Using the entries below, copy exactly each line from the line with "Decorative pillow with" up to and including the line with "Detail view of", with every picture left out.

■ INFORMATION SUPPLIED ■
*** Block opens ***

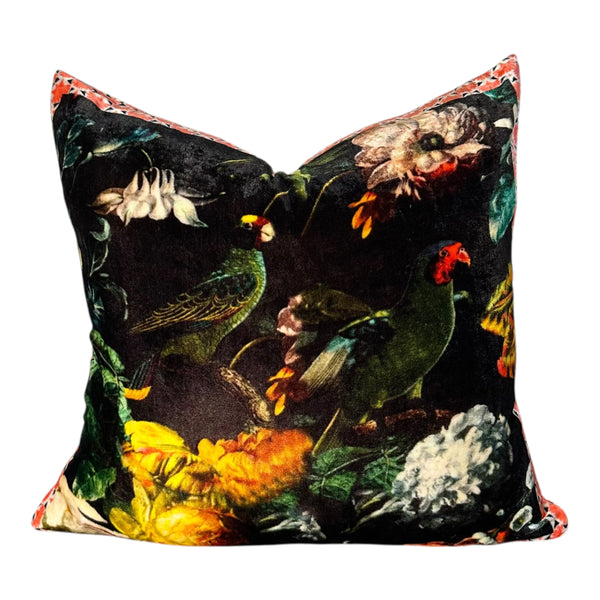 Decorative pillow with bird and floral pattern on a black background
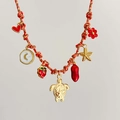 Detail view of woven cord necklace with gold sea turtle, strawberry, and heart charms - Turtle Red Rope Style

*** Block closes ***
*** Block opens ***

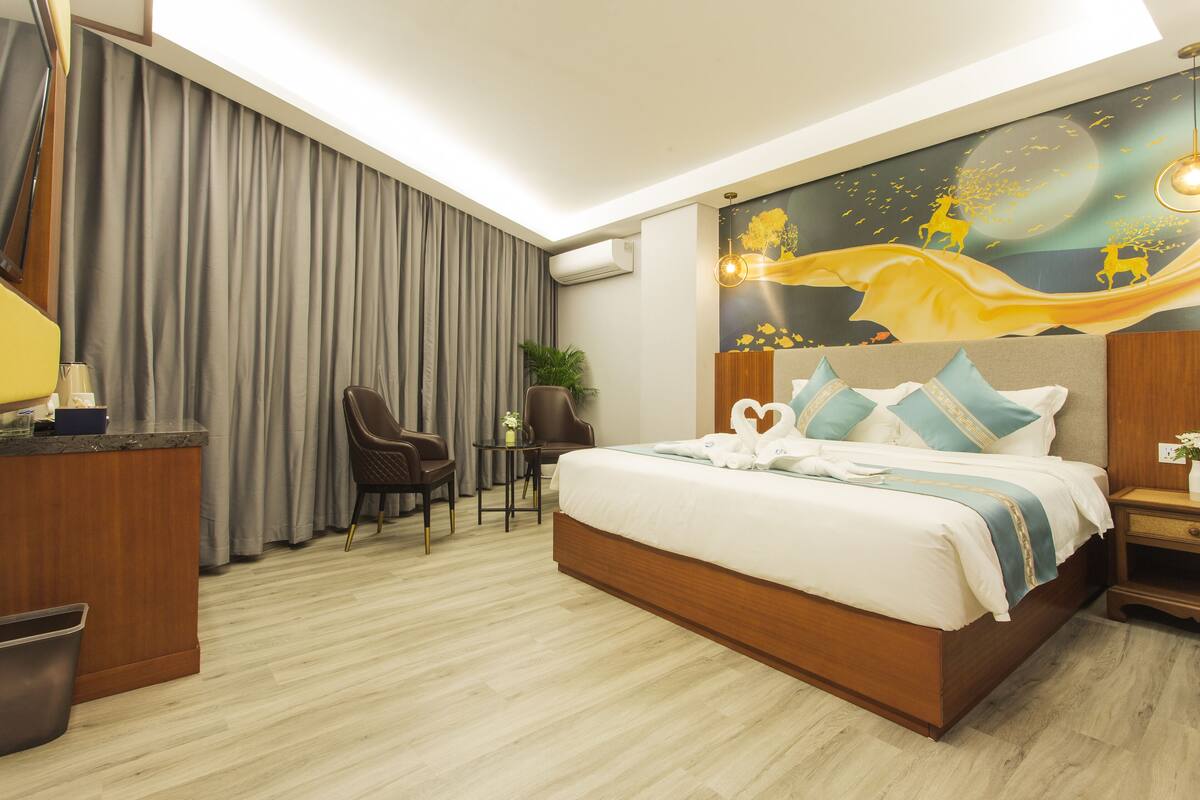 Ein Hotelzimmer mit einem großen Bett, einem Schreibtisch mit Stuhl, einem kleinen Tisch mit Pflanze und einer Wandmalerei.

*** Block closes ***
*** Block opens ***

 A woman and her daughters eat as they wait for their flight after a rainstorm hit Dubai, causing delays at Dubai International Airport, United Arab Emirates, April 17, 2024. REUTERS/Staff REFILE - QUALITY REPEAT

*** Block closes ***

■ OUTPUT OF THE TASK ■
 Decorative pillow with bird and floral pattern on a black background
 Detail view of woven cord necklace with gold sea turtle, strawberry, and heart charms - Turtle Red Rope Style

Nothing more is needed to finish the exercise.